A short history of Pippinhall Farm
Pippinhall Farm, Bexley Road SE9, is an amazing relic of agricultural land. It is a network of small meadows and ancient hedgerows on Eocene strata; a river terrace of Blackheath Gravels overlying a spring line on Woolwich & Reading Beds.
The first specific written record is in 1290 when King Edward 2nd negotiated hay from John de Henley, the owner, to feed the royal deer at Eltham Palace during a very cold winter.
Pippinhall Farm lies in a valley drained by one of the headwater streams feeding the River Shuttle
The first evidence of human utilisation of the Pippinhall Valley is a Mesolithic concave scraper dropped by a hunter gatherer sometime around 7000 BC and discovered by a “Young Friend of Avery Hill Park” while hedge planting.
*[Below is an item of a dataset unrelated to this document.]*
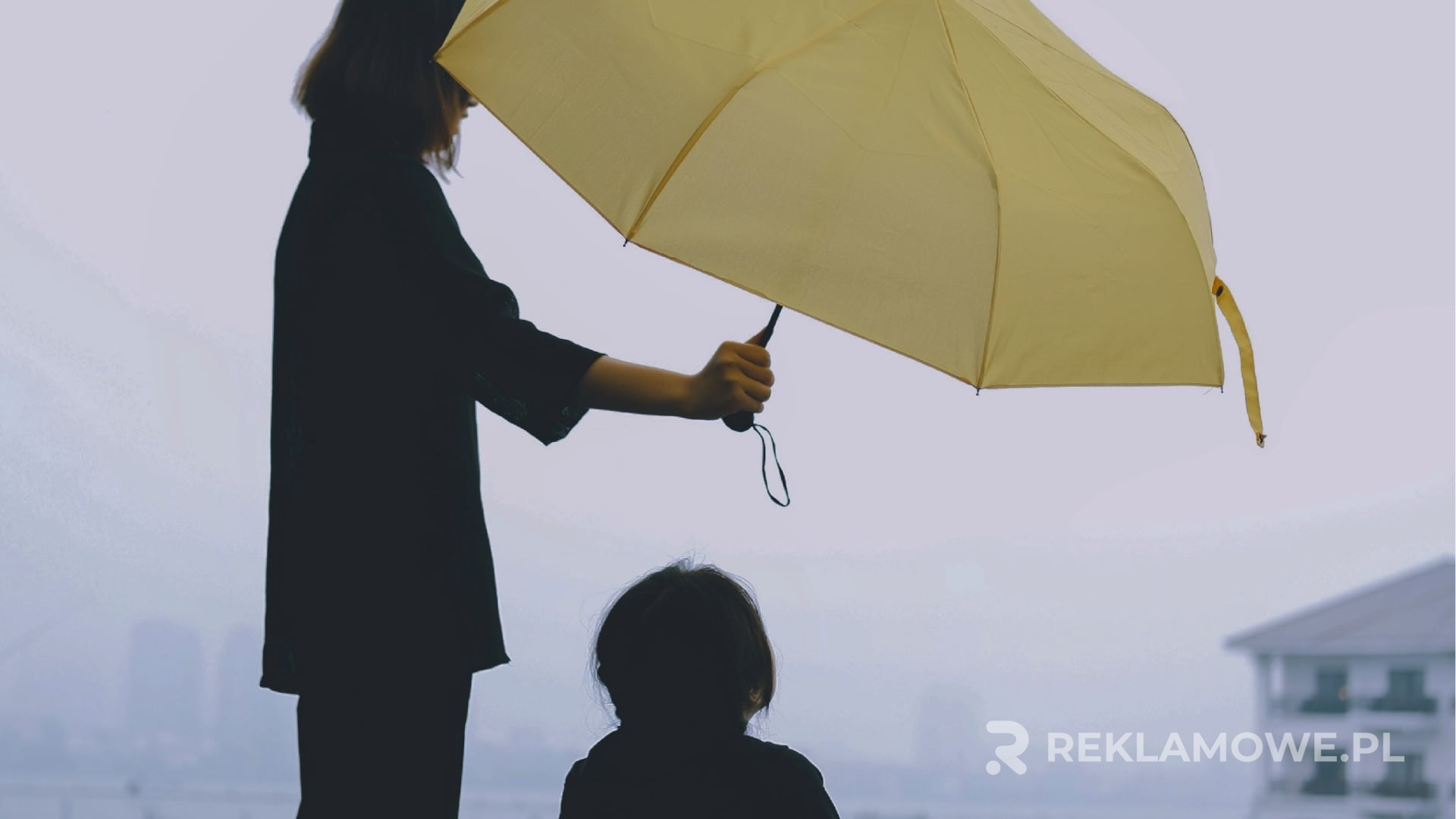 Parasol reklamowy z logo jako skuteczny nośnik reklamy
Since then the Bronze Age and Celtic, Eltham farmers have cleared the wet woodland and planted hedges around their fields. The oldest dateable hedges at Pippinhall are from 1370. There is a small relic of medieval “ridge and furrow” in the south east corner of the farm. This most probably dates from before the Black Death decimated the local population; when maximum arable land was needed to feed the locals and the Kings entourage at nearby Eltham Palace.
At present the ridge and furrow, an amazing piece of Eltham’s agricultural history, is being engulfed by Blackthorn scrub. The wet pastureland, presumably protected by the borough, is invaded by over 1200 square metres of Japanese Knotweed and large areas of blackberry thicket.
The present tenants are unable to keep pace with the encroaching scrub simply grazing their ponies in these precious meadows.
Royal Greenwich Parks and Open Spaces hope to commence clearing the knotweed with stem injection.